IT Industry - Strategy

Telecom New Zealand has given the Commerce Commission a revised undertaking that reduces its proposed fees for mobile terminating access services in a bid to stave off the threat of regulation.

The undertaking is one of a number of submissions made to the Commission by Telecom, Vodafone, new operator 2Degrees and other interested parties to the Commission's draft report on mobile termination access services (MTAS) and posted on its web site today, 29 July.

MTAS fees in New Zealand are presently determined by undertakings given to the Commission and approved by the Government.

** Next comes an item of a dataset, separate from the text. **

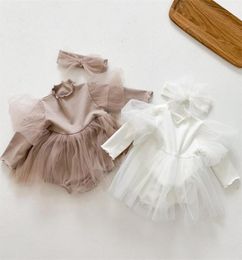 Spring Baby Girls Romper Dress White TUTU New Born Long Sleeve 1st Birthday Infant Toddler With Headband 2pcs Clothing 2268 V29279201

Telecom and Vodafone are in favour of continuing this scheme but the Commission's draft report has rejected the prices proposed in their initial undertakings saying they are "significantly above the Commission's preliminary view on current international cost-based benchmarks." It has recommended that rates be set by regulation, in a similar fashion to the way the ACCC sets these in Australia.

In its draft report the Commission set out its preliminary view that cost-based termination rates could be as low as 7cpm for mobile-to-mobile and fixed-to -mobile voice calls, and one cent per SMS. It arrived at benchmark MTAS costs for voice calls reducing from 7.2cpm currently to 3.8cpm by 2015 and for SMS from 0.95 cents today to 0.50 cents by 2015. (In Australia the ACCC in March issued MTAS pricing principles that maintain the current indicative rate of 9cpm until 2011.)

Commerce commissioner, Paula Rebstock, said: "Based on these preliminary benchmarks, the Commission expects that any revised undertakings will need to offer significantly lower mobile termination rates before the Commission could consider recommending that the minister accept them."

At that stage Vodafone had offered rates starting at 15 cents per minute and reducing over time to 11cpm for voice calls, and starting at 9.5 cents per SMS and reducing over time to seven cents per SMS. Telecom NZ had offered rates starting at 16cpm and reducing over time to 10cpm for voice calls, and a flat rate of 3.5 cents per SMS.

2degrees (then known a NZ Communications) had proposed a 'sender keep all' model in which operators would be responsible for delivering all incoming traffic from other networks but would receive no payment.